Antonio Vassilacchi (; ; 1556–1629), also called L'Aliense, was a Greek painter, who was active mostly in Venice and the Veneto.

Biography
Antonio Vassilacchi was born of Greek descent on the island of Milos, Greece in 1556. He left very young to settle in Venice.  In 1572 Vassilacchi became a pupil of Paolo Veronese and began working on the frescoes in the episcopal palace at Treviso, in the church of Sant'Agata in Padua (Padova), and various churches in Venice. His opportunity came with the great conflagration that nearly devoured the Doge's Palace in Venice in December 1577. Aliense, a compatriot and just a little younger than El Greco, was one of the painters commissioned to decorate the restored Palace.

Vassilacchi became a member of 'The Brotherhood of Saint Nicolas of the Greek Nation' (Scuola dei Greci), one of the liveliest 'foreign' communities in Venice, in 1600. In its book of members, the secretary inscribed, between a Cephallonian and a Cypriot, "Ant. Vassilachi: 1600:".  He was also a member of the Brotherhood of Venetian Painters from 1584 and had acquired a sobriquet, 'Aliense'. The name derives from the Latin alienus, meaning stranger, alien, foreign, and was presumably given to Vassilacchi because of his completely alien, that is non-Italian (and not simply non-Venetian), origin.

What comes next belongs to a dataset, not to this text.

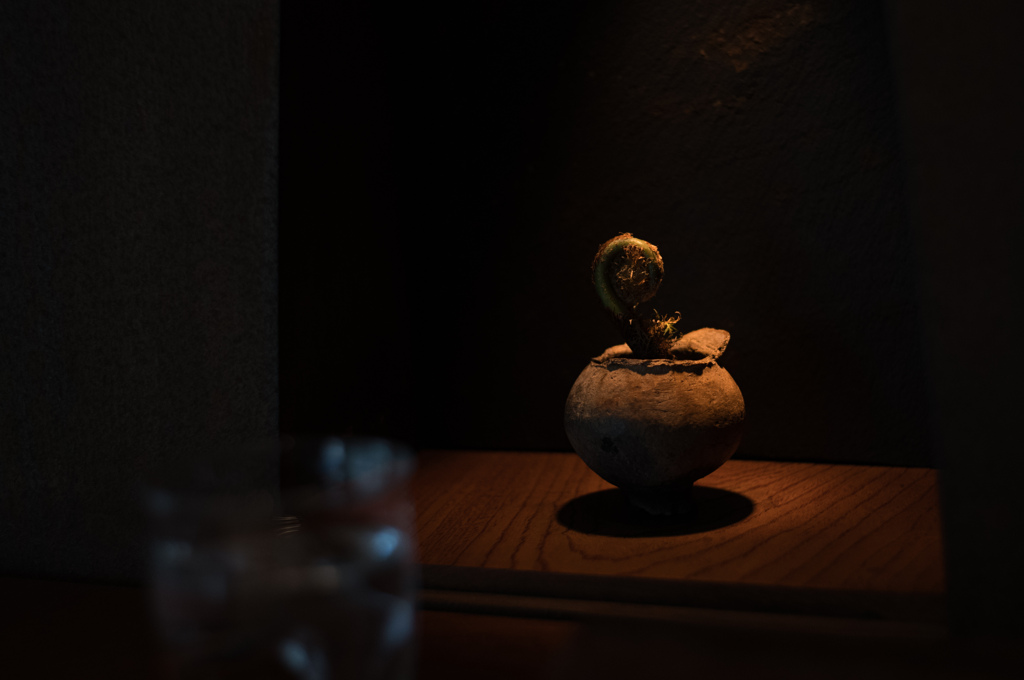 蕨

Vassilacchi married three times.  The name of his first wife, who bore him his son, Stefano, is not known. Stefano followed in his father's footsteps as a painter and is said to have helped him on the Coronation of Baldwin of Flanders.

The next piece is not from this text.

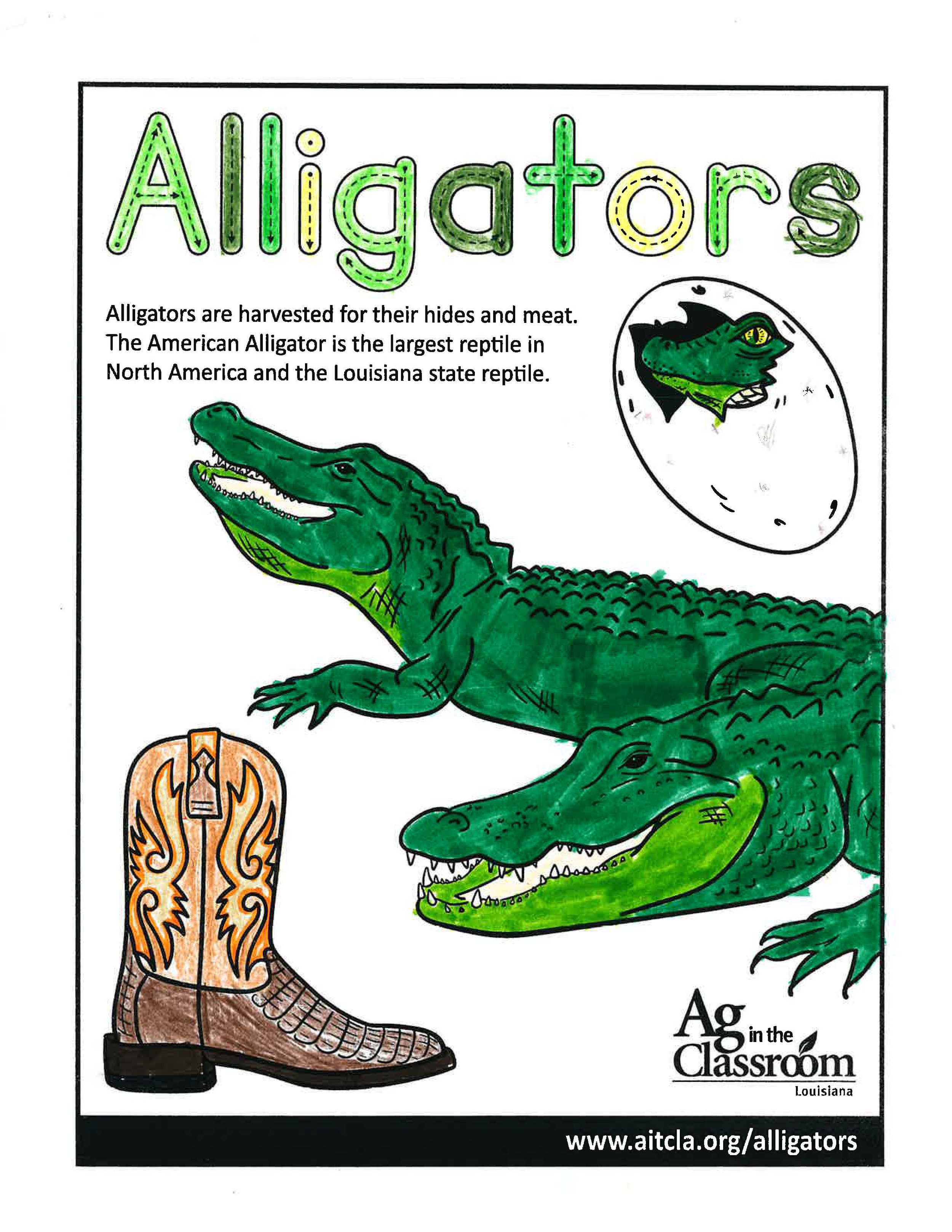 Alligators_LouisianaAgWeek2024_Page_22.jpg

He died young, however, before having established a career. Vassilacchi also had two daughters who entered the Nunnery of Santa Chiara (for which Vassilacchi had painted an Annunciation), though it is not known whether they were from his first or second marriage.  His second wife, Giacomina, made her will on November 2, 1609, and died six days later. Vassilacchi's last marriage was his most unfortunate. Carlo Ridolfi, his biographer and student, describes a painting by the artist in which he portrays himself carrying his wife, her nurse, her uncle and her son by her previous marriage, on his back.  Vassilacchi used to show this picture to his friends and say "This is the burden I'll bear till I die".

Aliense died on Easter's eve, 1629, in his seventy-third year.  He was buried with honours in the church of San Vitale two days later. San Vitale is the church on the same square as Vassilacchi's house and he had painted there, a few years earlier (and both aptly named), a Resurrection' and an Ascension.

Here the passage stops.